🤖 AI Summary
Current vision-language models (VLMs) excel on coarse-grained spatial relation benchmarks (e.g., “left of”, “behind”) but critically lack fine-grained spatial understanding essential for object interaction—namely, precise 3D localization, physical plausibility, affordance modeling, and multi-step spatial planning. To address this gap, we introduce BOP-ASK, the first multi-task benchmark explicitly designed for object-interaction reasoning. It comprises four novel tasks: 6D pose-driven grasp pose generation, fine-grained relative spatial relation recognition, depth-aware spatial reasoning, and multi-step trajectory planning. We further construct BOP-ASK-lab—a challenging out-of-distribution test set—and leverage the BOP dataset to automatically generate high-fidelity, multimodal annotations (including 6D poses, spatial relations, collision-free paths, and centered spatial descriptions).

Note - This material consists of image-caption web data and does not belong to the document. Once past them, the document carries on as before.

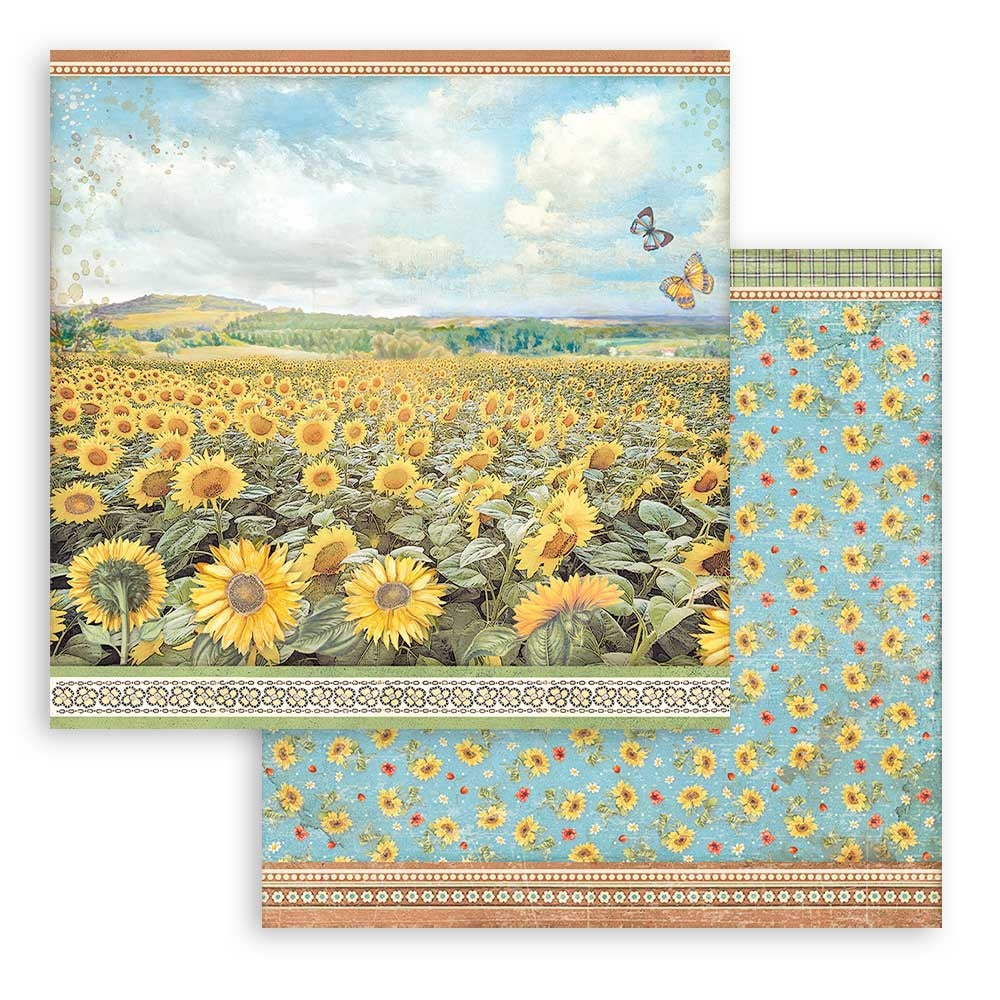 Stamperia Double-Sided Paper Pad 12"X12" 10/Pkg-Sunflower Art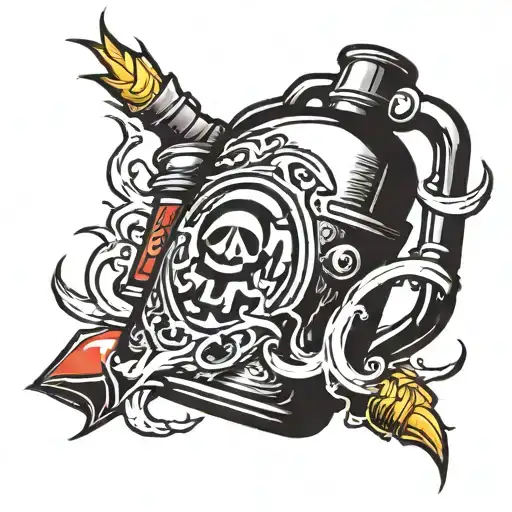 gas can with flash symbol intertwined tattoo design idea
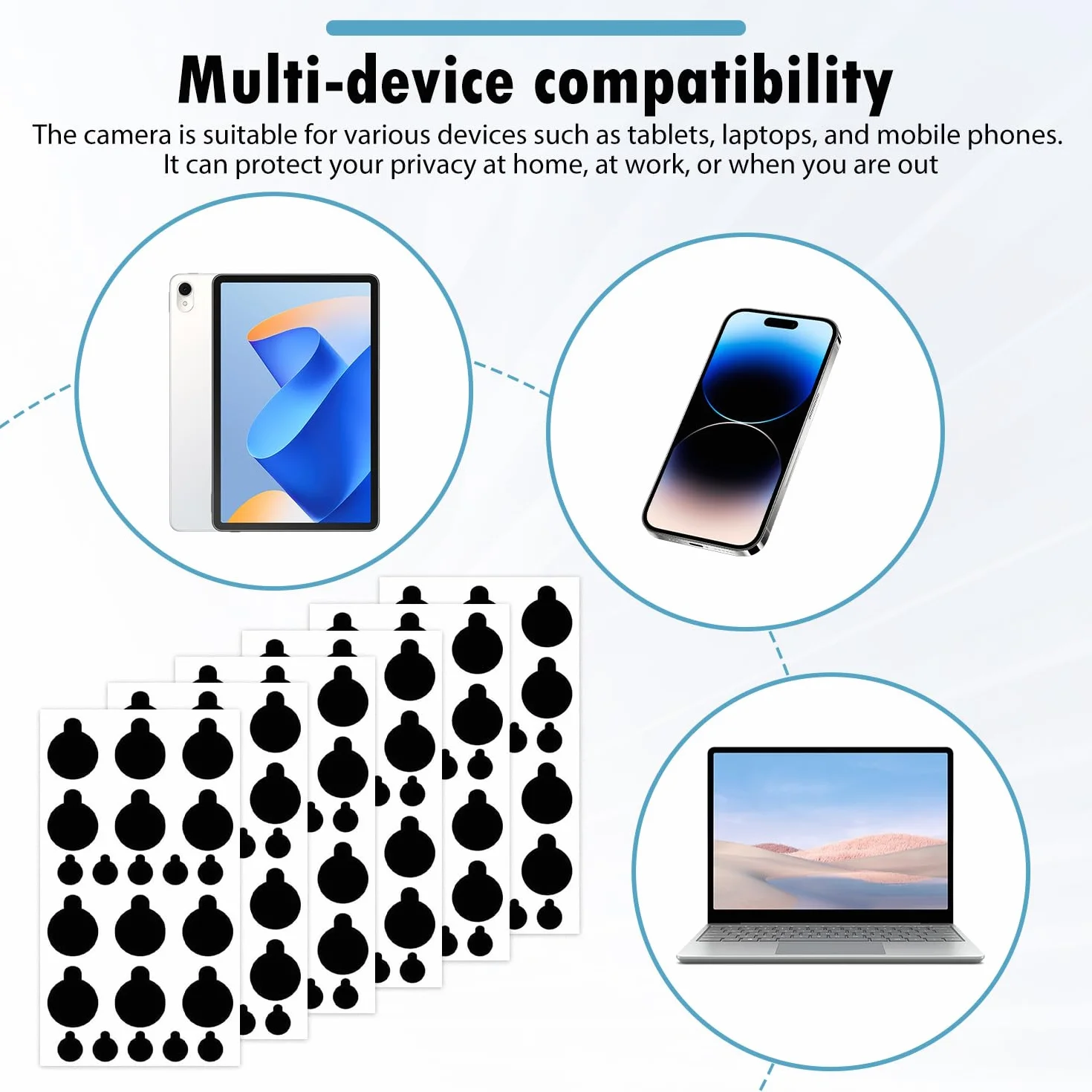 Autocollants de confidentialité pour appareil photo, lot de 6, adaptés aux ordinateurs, téléphones et tablettes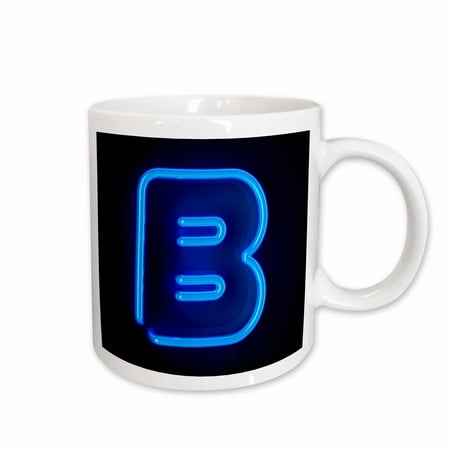 

3dRose Monogram letter B abstract neon blue lit shining illuminated Ceramic Mug 15-ounce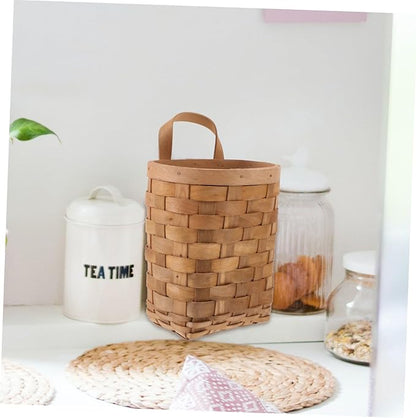Natural Wood Hanging Basket Organizer for Kitchen and Wall Storage Woven Basket with Handle for Household Items Rustic Wall Decor Multi Purpose Hanging Storage Bin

Experiments demonstrate that models trained on BOP-ASK achieve substantial gains in fine-grained spatial reasoning over strong baselines, exhibiting strong generalization and emergent capabilities.
📝 Abstract
Vision Language Models (VLMs) have achieved impressive performance on spatial reasoning benchmarks, yet these evaluations mask critical weaknesses in understanding object interactions. Current benchmarks test high level relationships ('left of,' 'behind', etc.) but ignore fine-grained spatial understanding needed for real world applications: precise 3D localization, physical compatibility between objects, object affordances and multi step spatial planning. In this work, we present BOP-ASK, a novel large scale dataset for object interaction reasoning for both training and benchmarking. Our data generation pipeline leverages 6D object poses from the Benchmark for Object Pose Estimation (BOP) datasets from which we derive fine grained annotations such as grasp poses, referred object poses, path planning trajectories, relative spatial and depth relationships, and object-to-object relationships. BOP-ASK comprises over 150k images and 33M question answer pairs spanning six tasks (four novel), providing a rich resource for training and evaluating VLMs. We evaluate proprietary and open sourced VLMs, and conduct human evaluations on BOP-ASK-core, a contributed test benchmark. We also release BOP-ASK-lab, an out-of-distribution benchmark with images not sourced from BOP, enabling testing of generalization. Our experiments demonstrate that models trained on BOP-ASK outperform baselines and exhibit emergent capabilities such as precise object and grasp pose estimation, trajectory planning, and fine-grained object-centric spatial reasoning in cluttered environments. We will publicly release our datasets and dataset generation pipeline.